A longer time to reperfusion was associated with an increased likelihood of having MLS (cOR, 1.007; 95% CI, 1.003-1.011; Nagelkerke R2, 0.10; P < .001 and acOR, 1.012; 95% CI, 1.004-1.020; Nagelkerke R2, 0.20; P = .003). For each 90 minutes of delay in reperfusion, there was an increase in MLS of 1.0 mm and 0.80 mm on the early FU scans according to the unadjusted and adjusted analyses, respectively (β, .011; 95% CI, 0.005-0.017; P = .001 in unadjusted analysis and β, .008; 95% CI, 0.002-0.015; P = .002 in adjusted analysis) and of 1.4 mm and 1.24 mm on the late FU scans for both the unadjusted and adjusted models (β, .015; 95% CI, 0.008-0.023; P < .001 in unadjusted model and β, .014; 95% CI, 0.005-0.021; P = .002 in adjusted model).
We next examined the effect of treatment allocation on MLS. Midline shift was more frequently observed in the conventional arm (58.8%) than in the EVT arm (41.2%), but this was not statistically significant in unadjusted and adjusted binary logistic regression models (cOR, 0.82, 95% CI, 0.57-1.19; P = .31 and acOR, 0.78, 95% CI, 0.52-1.17; P = .27, respectively). Similarly, there were no statistically significant differences in the median MLS values between the treatment groups (Figure 1C and eFigure 3 in the Supplement), although a smaller MLS was observed in the EVT arm on the late FU scans (median, 0 mm; IQR, 0-3.6 mm for the EVT arm vs median, 1.7 mm; IQR, 0-4.3 mm for conventional care; P = .18).

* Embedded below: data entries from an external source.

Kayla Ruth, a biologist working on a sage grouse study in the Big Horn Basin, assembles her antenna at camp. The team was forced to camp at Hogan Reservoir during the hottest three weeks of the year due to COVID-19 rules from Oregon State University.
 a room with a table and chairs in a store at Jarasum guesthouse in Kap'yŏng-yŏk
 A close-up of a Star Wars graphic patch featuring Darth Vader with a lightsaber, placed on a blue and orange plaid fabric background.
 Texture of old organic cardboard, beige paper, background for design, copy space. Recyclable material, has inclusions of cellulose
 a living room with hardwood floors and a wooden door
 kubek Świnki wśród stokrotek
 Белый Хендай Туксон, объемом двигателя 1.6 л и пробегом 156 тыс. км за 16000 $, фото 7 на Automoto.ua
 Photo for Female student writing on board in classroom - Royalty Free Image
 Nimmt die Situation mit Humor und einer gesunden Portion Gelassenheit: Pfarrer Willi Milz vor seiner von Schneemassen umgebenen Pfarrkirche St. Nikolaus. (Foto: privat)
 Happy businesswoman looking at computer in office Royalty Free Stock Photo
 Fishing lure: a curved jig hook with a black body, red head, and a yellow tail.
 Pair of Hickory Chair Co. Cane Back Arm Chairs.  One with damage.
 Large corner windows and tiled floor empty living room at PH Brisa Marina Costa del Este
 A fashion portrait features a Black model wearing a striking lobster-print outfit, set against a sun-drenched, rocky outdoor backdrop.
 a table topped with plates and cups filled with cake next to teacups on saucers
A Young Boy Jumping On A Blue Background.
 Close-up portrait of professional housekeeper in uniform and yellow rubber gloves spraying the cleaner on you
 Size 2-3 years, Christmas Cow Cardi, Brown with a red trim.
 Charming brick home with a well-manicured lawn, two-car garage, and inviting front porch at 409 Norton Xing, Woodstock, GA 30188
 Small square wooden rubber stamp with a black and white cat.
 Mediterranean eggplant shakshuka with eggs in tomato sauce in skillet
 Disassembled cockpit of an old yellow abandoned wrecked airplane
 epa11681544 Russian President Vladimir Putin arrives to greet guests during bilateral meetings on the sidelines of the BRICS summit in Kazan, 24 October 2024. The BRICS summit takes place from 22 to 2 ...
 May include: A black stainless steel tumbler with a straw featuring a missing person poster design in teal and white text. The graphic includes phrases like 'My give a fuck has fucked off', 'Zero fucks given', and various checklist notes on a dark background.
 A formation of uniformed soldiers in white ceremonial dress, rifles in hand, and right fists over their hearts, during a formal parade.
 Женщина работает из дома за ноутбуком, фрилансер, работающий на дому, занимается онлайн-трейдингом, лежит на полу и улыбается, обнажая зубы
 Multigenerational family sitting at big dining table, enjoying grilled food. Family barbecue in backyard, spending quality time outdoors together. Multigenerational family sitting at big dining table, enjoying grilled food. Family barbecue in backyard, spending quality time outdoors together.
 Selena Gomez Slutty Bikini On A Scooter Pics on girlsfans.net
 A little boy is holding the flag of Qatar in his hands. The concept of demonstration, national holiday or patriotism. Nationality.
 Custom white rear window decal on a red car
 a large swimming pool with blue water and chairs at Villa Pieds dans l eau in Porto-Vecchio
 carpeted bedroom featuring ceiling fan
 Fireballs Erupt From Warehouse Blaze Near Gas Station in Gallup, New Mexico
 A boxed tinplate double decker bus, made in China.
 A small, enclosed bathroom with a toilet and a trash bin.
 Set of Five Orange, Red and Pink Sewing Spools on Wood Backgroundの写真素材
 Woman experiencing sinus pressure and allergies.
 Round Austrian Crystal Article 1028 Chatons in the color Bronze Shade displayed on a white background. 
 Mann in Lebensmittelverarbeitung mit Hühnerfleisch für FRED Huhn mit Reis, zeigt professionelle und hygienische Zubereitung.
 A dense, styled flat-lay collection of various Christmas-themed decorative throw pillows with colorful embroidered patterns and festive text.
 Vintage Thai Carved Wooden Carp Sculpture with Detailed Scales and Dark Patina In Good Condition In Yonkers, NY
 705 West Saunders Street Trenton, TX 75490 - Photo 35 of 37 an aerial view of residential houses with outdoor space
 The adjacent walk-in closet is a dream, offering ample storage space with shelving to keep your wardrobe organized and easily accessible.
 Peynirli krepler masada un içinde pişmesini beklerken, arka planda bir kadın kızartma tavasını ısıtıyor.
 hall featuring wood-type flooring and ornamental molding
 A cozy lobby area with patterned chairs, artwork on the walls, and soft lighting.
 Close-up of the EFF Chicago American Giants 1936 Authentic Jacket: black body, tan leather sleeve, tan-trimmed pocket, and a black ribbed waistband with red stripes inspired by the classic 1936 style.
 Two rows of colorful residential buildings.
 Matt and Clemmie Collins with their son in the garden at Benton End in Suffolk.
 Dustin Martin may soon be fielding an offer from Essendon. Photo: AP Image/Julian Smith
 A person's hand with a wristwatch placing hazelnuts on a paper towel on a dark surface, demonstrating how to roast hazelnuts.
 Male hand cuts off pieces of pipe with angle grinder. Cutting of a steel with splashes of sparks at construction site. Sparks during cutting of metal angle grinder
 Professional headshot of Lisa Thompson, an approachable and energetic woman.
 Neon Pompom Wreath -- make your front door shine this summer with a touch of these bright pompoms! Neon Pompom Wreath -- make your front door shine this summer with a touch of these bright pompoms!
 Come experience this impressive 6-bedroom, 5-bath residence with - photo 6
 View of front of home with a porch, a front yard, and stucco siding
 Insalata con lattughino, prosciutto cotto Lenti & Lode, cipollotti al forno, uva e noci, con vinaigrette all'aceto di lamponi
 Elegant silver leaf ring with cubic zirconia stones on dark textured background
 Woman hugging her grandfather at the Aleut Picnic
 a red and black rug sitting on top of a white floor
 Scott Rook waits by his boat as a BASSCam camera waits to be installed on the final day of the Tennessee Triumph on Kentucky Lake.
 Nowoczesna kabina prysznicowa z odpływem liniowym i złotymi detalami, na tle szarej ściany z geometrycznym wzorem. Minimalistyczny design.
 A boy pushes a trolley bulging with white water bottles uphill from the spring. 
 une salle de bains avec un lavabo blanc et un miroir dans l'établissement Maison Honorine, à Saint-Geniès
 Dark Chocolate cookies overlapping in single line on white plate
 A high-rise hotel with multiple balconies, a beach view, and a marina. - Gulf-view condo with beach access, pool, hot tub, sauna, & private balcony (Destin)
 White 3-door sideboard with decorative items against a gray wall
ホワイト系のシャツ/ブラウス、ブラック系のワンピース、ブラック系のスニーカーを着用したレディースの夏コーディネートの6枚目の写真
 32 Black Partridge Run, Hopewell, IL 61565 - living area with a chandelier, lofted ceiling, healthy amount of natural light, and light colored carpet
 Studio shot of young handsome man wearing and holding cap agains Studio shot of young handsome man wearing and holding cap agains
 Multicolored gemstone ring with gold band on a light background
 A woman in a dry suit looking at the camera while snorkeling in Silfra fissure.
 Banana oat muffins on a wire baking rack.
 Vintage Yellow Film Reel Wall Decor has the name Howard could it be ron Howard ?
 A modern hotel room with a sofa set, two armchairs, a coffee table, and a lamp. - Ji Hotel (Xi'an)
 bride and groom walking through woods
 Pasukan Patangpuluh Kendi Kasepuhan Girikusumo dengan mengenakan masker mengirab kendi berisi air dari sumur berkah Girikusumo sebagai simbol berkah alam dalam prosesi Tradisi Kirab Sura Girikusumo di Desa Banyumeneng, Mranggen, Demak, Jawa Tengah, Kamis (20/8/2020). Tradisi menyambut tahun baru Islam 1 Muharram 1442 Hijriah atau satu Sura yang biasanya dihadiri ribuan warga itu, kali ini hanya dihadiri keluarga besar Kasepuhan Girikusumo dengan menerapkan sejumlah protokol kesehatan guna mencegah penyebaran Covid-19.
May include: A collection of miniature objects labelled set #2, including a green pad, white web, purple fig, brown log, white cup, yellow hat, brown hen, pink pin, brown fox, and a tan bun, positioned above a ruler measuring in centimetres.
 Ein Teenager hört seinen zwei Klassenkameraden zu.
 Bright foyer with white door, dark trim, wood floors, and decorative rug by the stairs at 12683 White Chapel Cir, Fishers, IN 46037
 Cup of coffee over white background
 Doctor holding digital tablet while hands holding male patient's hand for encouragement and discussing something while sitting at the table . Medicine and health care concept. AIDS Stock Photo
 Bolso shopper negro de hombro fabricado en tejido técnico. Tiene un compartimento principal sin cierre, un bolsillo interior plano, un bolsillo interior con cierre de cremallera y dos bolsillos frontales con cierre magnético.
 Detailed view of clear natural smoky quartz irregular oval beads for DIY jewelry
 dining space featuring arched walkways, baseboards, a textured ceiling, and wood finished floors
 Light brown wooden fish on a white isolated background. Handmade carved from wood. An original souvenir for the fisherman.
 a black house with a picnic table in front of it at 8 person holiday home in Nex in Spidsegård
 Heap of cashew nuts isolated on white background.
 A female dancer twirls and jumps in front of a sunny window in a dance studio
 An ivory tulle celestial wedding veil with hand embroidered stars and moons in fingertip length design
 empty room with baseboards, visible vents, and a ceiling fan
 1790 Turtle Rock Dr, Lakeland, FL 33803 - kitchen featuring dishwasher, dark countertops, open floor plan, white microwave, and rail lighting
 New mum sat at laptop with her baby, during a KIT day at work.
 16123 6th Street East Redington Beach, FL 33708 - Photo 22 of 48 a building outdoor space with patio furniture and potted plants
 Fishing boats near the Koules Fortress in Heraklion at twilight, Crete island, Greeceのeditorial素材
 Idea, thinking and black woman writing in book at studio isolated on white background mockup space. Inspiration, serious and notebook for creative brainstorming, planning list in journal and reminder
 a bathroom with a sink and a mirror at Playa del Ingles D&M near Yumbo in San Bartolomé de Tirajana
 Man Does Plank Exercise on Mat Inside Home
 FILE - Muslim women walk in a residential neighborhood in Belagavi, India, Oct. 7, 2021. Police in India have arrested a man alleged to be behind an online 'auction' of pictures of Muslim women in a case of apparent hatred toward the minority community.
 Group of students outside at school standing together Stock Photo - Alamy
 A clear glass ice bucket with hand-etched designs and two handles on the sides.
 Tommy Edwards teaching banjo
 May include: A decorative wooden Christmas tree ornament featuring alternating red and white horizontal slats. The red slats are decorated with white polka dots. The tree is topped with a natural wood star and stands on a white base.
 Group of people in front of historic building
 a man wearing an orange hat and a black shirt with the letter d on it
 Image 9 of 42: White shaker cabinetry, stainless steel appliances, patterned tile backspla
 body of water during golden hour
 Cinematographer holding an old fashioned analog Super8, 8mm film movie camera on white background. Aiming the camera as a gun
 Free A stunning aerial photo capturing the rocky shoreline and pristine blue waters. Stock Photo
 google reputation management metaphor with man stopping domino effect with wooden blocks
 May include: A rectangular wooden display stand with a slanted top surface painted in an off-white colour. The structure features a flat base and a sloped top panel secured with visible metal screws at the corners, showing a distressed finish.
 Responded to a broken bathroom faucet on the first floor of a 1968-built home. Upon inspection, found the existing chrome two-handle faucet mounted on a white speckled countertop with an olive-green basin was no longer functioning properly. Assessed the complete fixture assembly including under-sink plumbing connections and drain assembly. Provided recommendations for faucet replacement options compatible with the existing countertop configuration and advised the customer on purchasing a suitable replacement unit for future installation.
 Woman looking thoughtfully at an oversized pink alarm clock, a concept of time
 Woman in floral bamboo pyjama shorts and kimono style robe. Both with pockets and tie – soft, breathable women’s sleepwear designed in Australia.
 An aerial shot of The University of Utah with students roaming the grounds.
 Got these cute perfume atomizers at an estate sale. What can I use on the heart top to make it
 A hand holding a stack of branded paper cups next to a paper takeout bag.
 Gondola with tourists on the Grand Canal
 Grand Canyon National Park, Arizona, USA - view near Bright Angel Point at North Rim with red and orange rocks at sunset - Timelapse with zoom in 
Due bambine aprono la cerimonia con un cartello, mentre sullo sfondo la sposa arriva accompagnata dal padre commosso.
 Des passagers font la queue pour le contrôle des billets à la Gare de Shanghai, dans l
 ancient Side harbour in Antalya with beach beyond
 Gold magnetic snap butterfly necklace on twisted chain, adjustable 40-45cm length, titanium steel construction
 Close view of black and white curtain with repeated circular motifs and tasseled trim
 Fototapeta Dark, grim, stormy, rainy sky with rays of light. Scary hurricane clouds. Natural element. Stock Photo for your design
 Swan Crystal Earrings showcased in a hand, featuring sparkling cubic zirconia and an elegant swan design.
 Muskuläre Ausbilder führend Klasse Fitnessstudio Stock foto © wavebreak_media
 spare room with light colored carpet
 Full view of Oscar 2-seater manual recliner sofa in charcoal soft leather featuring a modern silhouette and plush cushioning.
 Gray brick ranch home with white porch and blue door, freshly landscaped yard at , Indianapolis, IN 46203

The presence of MLS was associated with a worse functional outcome (cOR, 4.22; 95% CI, 2.98-5.98; P < .001 and acOR, 3.49; 95% CI, 2.38-5.12; P < .001; Figure 3). There was a shift toward worse outcome, with a cOR of 1.21 for each millimeter increase in MLS in both early and late FU scans. In the adjusted analyses with continuous MLS values, the acORs were 1.24 (95% CI, 1.17-1.33) and 1.21 (95% CI, 1.15-1.30) in the early and late FU scans, respectively (P < .001, eTable in the Supplement).
In the mediation analyses (Figure 4), after including MLS as a mediator, the ordinal regression coefficient was reduced by 30.3% in reperfusion (Figure 4A) and 12.6% in recanalization (Figure 4B), consistent with MLS partially mediating the association between recanalization or reperfusion with outcome. For the evaluation of time to reperfusion, the percentage difference of the coefficients between time to reperfusion and outcome was 33.3% (Figure 4C) after including MLS as a mediator. For ASPECTS, the mediation effect was stronger, and MLS was responsible to change 64.2% of the coefficient value (Figure 4D). For all the analyses, the Sobel test was statistically significant.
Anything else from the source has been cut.